* [TASK GOAL] Among the entries, find each line that includes the string "White" and list it.

Stored items
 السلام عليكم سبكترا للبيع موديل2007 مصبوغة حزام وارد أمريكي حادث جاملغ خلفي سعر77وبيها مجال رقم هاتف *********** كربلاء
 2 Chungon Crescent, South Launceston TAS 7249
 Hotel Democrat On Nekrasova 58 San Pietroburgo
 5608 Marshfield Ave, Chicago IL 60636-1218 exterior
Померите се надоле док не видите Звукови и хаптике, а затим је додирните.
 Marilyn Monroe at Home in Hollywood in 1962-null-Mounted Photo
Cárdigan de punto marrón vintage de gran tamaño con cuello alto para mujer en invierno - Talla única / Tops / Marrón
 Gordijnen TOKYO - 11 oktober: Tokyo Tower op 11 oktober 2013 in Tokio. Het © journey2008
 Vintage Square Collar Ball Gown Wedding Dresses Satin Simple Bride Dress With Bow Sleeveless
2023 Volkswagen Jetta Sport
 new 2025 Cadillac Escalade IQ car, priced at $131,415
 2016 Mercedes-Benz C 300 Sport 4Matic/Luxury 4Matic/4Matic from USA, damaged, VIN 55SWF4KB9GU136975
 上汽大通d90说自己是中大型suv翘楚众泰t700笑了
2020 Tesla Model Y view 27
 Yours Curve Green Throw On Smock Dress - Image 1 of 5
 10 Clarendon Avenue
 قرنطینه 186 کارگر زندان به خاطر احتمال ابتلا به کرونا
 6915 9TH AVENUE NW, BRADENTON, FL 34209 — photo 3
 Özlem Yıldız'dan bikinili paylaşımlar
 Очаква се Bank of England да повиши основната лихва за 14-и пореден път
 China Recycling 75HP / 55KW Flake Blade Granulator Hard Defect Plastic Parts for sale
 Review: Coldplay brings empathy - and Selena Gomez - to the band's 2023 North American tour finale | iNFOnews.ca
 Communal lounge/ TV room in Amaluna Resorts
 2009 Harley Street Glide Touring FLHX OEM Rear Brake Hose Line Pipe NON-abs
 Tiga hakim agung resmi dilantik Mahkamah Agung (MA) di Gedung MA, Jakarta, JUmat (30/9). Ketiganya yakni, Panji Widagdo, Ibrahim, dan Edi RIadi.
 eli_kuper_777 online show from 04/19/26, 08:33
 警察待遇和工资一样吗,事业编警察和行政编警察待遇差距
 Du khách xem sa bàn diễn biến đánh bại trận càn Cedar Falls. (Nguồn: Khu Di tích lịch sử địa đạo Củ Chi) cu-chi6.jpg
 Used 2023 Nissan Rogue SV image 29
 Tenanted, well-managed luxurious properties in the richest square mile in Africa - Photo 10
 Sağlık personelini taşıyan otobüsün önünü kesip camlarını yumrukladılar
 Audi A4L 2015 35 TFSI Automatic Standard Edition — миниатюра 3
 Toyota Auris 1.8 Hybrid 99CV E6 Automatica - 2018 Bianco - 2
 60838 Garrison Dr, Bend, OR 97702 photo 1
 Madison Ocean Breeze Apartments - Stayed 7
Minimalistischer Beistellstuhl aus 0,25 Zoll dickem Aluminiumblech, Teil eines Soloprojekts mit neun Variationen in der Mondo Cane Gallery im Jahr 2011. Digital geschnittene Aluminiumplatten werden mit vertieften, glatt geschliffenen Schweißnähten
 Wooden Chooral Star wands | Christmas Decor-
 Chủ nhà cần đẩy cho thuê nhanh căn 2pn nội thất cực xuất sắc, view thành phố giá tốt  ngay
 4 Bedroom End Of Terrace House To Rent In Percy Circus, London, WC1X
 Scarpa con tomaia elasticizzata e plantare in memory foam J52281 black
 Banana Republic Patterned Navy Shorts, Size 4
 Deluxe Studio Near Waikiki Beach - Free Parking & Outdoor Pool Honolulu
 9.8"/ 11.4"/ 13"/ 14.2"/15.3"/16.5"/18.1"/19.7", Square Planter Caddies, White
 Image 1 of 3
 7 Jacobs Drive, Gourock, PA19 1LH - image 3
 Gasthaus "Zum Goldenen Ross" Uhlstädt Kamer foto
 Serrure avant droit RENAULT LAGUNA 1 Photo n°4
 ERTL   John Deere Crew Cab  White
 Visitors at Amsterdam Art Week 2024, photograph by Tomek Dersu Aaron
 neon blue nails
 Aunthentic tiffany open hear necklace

* [RESULT FOR THIS EXERCISE]
 9.8"/ 11.4"/ 13"/ 14.2"/15.3"/16.5"/18.1"/19.7", Square Planter Caddies, White
 ERTL   John Deere Crew Cab  White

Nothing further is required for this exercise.